PROVIDED DATA →
◇ ◇ ◇ ◇ ◇ ◇ ◇

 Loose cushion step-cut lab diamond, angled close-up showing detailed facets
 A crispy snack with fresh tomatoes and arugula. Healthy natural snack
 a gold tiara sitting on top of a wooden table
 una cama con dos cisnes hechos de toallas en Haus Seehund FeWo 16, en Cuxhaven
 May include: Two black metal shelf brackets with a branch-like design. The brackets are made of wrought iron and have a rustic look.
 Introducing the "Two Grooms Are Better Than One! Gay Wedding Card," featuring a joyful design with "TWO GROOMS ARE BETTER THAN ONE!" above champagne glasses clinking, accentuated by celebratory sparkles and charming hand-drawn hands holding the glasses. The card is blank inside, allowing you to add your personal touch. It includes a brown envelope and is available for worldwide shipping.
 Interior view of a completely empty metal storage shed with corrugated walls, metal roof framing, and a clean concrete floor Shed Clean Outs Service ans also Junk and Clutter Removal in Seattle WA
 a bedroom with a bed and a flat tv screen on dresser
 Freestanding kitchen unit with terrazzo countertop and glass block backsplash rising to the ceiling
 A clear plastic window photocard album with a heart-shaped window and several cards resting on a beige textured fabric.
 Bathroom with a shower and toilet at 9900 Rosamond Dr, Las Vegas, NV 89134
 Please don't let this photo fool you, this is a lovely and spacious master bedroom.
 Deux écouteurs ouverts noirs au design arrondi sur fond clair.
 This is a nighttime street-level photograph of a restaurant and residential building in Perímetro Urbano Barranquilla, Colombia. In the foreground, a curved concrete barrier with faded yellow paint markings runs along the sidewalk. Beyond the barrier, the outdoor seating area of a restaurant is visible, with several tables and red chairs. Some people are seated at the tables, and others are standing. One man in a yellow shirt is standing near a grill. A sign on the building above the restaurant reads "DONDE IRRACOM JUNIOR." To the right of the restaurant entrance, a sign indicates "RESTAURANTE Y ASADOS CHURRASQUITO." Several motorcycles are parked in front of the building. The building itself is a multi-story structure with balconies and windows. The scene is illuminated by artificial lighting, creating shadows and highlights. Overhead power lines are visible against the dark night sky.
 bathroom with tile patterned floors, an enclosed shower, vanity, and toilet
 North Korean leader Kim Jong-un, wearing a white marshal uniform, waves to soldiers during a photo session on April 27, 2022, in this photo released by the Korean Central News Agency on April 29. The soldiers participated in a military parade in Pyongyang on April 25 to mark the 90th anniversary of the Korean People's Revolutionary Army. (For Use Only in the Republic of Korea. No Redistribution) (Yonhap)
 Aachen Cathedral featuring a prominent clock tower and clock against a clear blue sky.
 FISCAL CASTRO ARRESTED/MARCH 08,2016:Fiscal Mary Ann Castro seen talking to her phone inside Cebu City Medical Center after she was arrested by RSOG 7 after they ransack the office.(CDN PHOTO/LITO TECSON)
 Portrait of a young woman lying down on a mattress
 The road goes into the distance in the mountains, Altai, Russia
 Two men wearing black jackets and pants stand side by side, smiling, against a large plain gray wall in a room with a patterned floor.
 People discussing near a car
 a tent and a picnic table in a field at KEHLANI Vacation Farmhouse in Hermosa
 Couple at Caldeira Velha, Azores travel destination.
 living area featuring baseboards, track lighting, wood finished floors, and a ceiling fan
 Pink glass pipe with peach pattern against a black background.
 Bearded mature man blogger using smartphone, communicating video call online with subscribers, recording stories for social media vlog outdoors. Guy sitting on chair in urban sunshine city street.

◇ ◇ ◇ ◇ ◇ ◇ ◇

ABOUT THIS TASK →
Reproduce word for word the material above, beginning with the line that contains "Please don't let" and ending with the line that contains "Deux écouteurs ouverts".

WRITTEN REPLY →
 Please don't let this photo fool you, this is a lovely and spacious master bedroom.
 Deux écouteurs ouverts noirs au design arrondi sur fond clair.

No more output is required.